WORK TASK:
Entries below include pictures. Output exactly the lines from the one with "Maison à vendre" down to the one with "Living - 13984", both ends included, and leave the pictures out.

══ EXERCISE MATERIALS ══

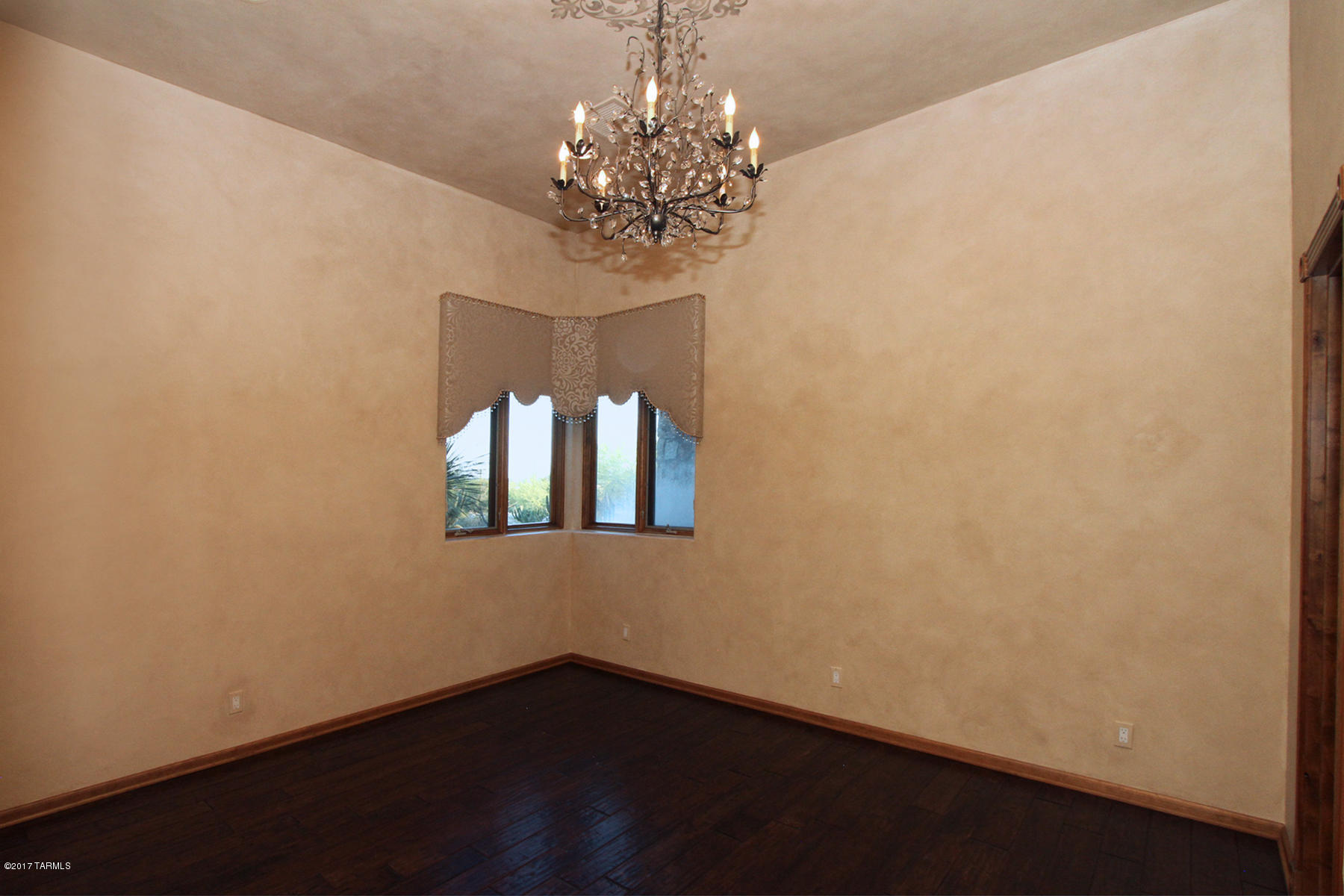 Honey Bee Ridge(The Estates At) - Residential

═══
══ EXERCISE MATERIALS ══

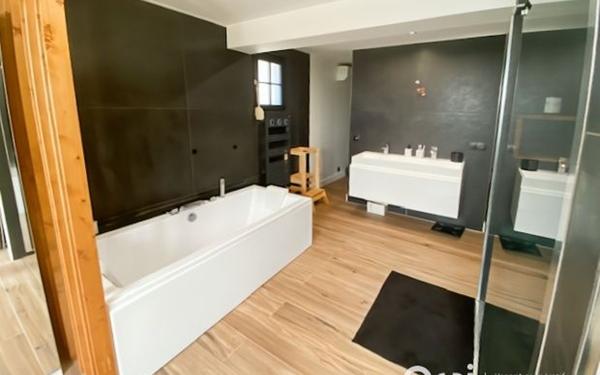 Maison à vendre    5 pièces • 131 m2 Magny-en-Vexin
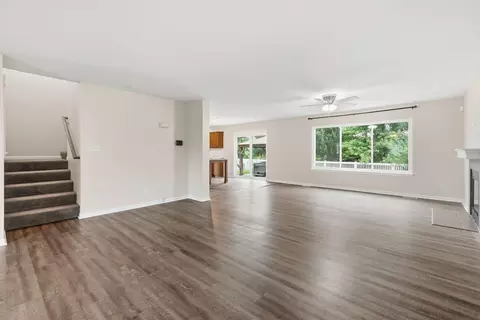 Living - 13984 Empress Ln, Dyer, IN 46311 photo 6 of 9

═══

RESPONSE TO THE EXERCISE:
 Maison à vendre    5 pièces • 131 m2 Magny-en-Vexin
 Living - 13984 Empress Ln, Dyer, IN 46311 photo 6 of 9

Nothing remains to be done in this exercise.